The North’s resumption of testing activity is likely an attempt at pressuring the Biden administration over the diplomatic freeze after Kim failed to leverage his arsenal for economic benefits during the the presidency of Donald Trump.
KCNA's report of the tests came before Biden’s special representative for North Korea, Sung Kim, was to meet his South Korean and Japanese counterparts in Tokyo on Tuesday to discuss the stalled nuclear diplomacy with North Korea.
North Korea ended a yearlong pause in ballistic tests in March by firing two short-range ballistic missiles into the sea, continuing a tradition of testing new U.S. administrations with weapons demonstrations aimed at measuring Washington’s response and wresting concessions.
But there hadn’t been any known test launches for months after that, as Kim focused national efforts on fending off the coronavirus and salvaging his economy.
KCNA said the missiles tested over the weekend traveled for 126 minutes “along an oval and pattern-8 flight orbits” above North Korean land and waters before hitting their targets.
“The test launches showed that the technical indices such as the thrust power of the newly developed turbine-blast engine, the missiles’ navigation control and the end guided hit accuracy by the combined guided mode met the requirements of designs. In all, the efficiency and practicality of the weapon system operation was confirmed to be excellent,” it said.
It appeared that Kim wasn’t in attendance to observe the tests. KCNA said Kim’s top military official, Pak Jong Chon, observed the test-firings and called for the country’s defense scientists to go “all out to increase” the North’s military capabilities.
Japanese Chief Cabinet Secretary Katsunobu Kato said North Korean missiles of such range would pose a “serious threat to the peace and safety of Japan and its surrounding areas.”
“We are extremely concerned,” Kato said while mentioning Japanese efforts to strengthen its missile defense capabilities. He said Tokyo was working with Washington and Seoul to gather information on North Korea’s latest tests but said there was no immediate indication that the weapons reached inside Japan’s exclusive economic zone.

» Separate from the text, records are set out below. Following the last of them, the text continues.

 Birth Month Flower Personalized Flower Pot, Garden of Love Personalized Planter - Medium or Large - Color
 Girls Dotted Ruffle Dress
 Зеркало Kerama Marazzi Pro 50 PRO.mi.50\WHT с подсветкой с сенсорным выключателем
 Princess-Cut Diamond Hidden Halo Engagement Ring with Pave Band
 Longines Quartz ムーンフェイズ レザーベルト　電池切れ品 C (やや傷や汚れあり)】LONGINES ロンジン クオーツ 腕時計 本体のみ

Kim’s powerful sister last month hinted that North Korea was ready to resume weapons testing while issuing a statement berating the United States and South Korea for continuing their joint military exercises, which she said was the “most vivid expression of U.S. hostile policy.”

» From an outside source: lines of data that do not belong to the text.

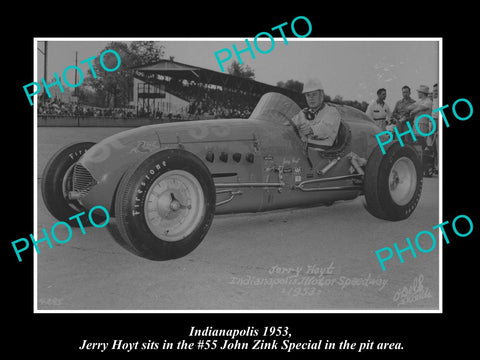 OLD HISTORIC PHOTO OF INDY 500, JERRY HOYT & HIS ZINK SPECIAL RACE CAR 1953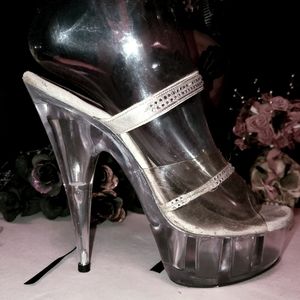 🖤🤍Sexy Clear & Silver Platform Heels w/ Rhinestones Size 7 By Pleazer🤍🖤
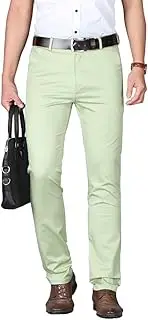 [Botong] Men's Slim Fit Comfort Casual Pants Wrinkle-Resistant Flat Front Suit Pants Green 31W/32L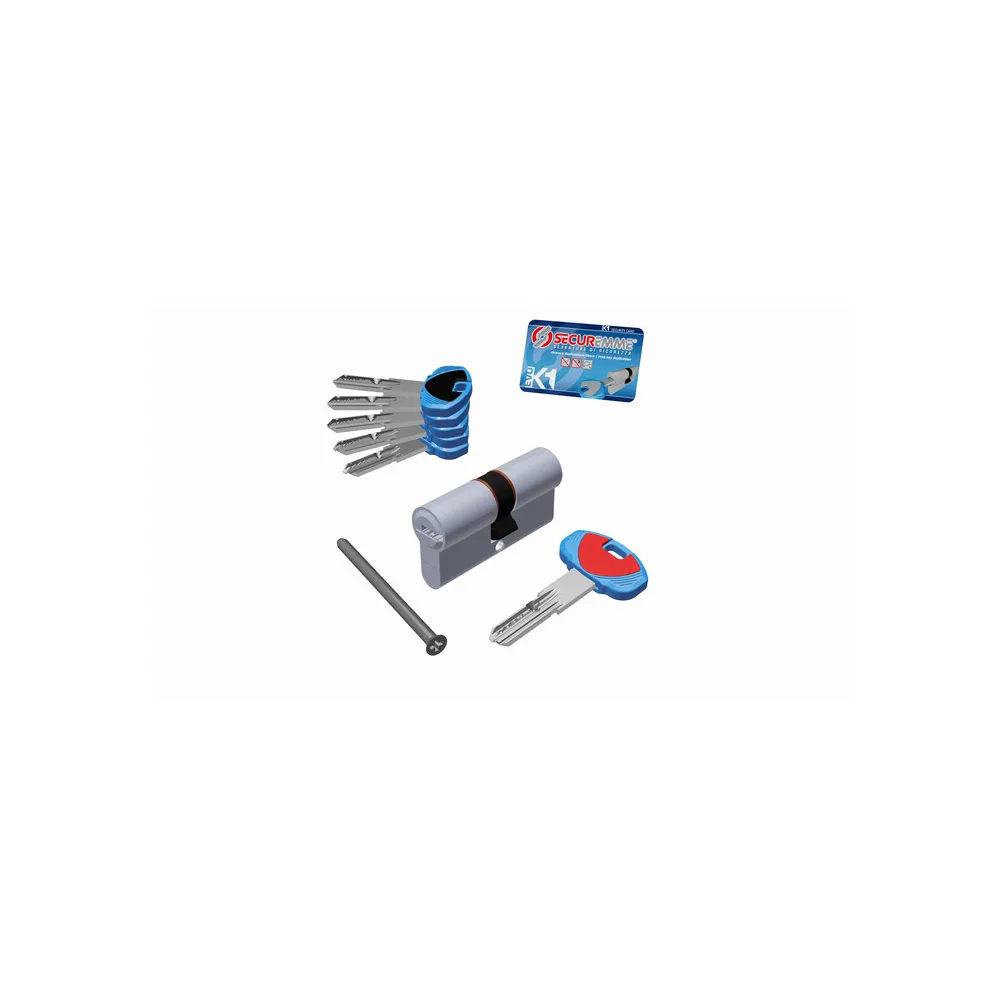 SECUREMME CILINDRO K1 5CH+1C 50+50 CROMO SAT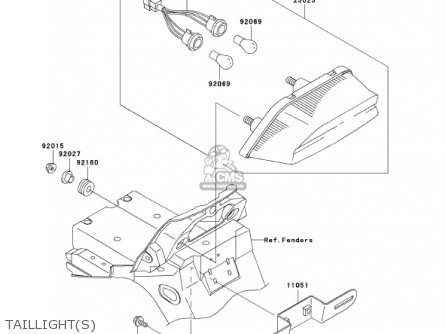 TAILLIGHT(S) - ZR1200A2 ZRX1200R 2002 USA CALIFORNIA CANADA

She then said the North would boost its pre-emptive strike capabilities while another senior official threatened unspecified countermeasures that would leave the allies facing a “security crisis.”
The allies say the drills are defensive in nature, but they have canceled or downsized them in recent years to create space for diplomacy or in response to COVID-19.
Talks between the United States and North Korea have stalled since the collapse of a summit between Trump and Kim in 2019, when the Americans rejected the North’s demand for major sanctions relief in exchange for a partial surrender of its nuclear capabilities. Kim’s government has so far rejected the Biden administration’s overtures for dialogue, demanding that Washington abandon its “hostile” policies first.
The latest tests came after Kim threw an unusual parade last week in the capital, Pyongyang, that was a marked departure from past militaristic displays, showcasing anti-virus workers in hazmat suits and civil defense organizations involved in industrial work and rebuilding communities destroyed by floods, instead of missiles and other provocative weaponry.
Experts said the parade was focused on domestic unity as Kim now faces perhaps his toughest test, with North Korea wrestling with U.S.-led economic sanctions over its nuclear weapons and pandemic border closures that are causing further strain on its broken economy, as well as food shortages worsened by floods in recent summers.
Associated Press writer Mari Yamaguchi in Tokyo contributed to this report.